- [DATA LISTING]:
------------------------------------
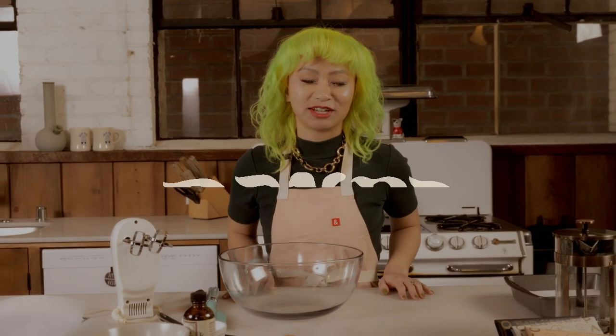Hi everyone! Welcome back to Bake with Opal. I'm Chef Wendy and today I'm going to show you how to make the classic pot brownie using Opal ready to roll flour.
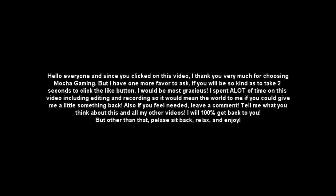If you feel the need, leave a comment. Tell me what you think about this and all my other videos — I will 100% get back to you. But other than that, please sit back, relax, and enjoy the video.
------------------------------------
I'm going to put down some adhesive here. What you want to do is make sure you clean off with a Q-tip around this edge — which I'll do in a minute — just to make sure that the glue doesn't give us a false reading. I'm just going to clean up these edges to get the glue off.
------------------------------------
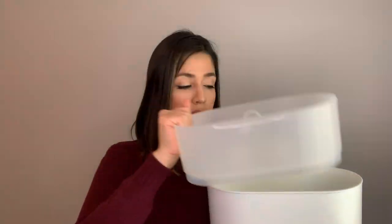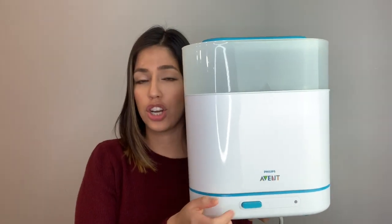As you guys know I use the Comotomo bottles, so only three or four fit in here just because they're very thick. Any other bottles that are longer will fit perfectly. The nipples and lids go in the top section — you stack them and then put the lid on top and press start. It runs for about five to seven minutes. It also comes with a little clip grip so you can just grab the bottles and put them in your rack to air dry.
------------------------------------
Write back the stretch of lines above that begins with the line holding "Hi everyone! Welcome" and ends with the line holding "If you feel", both included, exactly as written. Pictures stay out.

- [TASK OUTPUT]:
Hi everyone! Welcome back to Bake with Opal. I'm Chef Wendy and today I'm going to show you how to make the classic pot brownie using Opal ready to roll flour.
If you feel the need, leave a comment. Tell me what you think about this and all my other videos — I will 100% get back to you. But other than that, please sit back, relax, and enjoy the video.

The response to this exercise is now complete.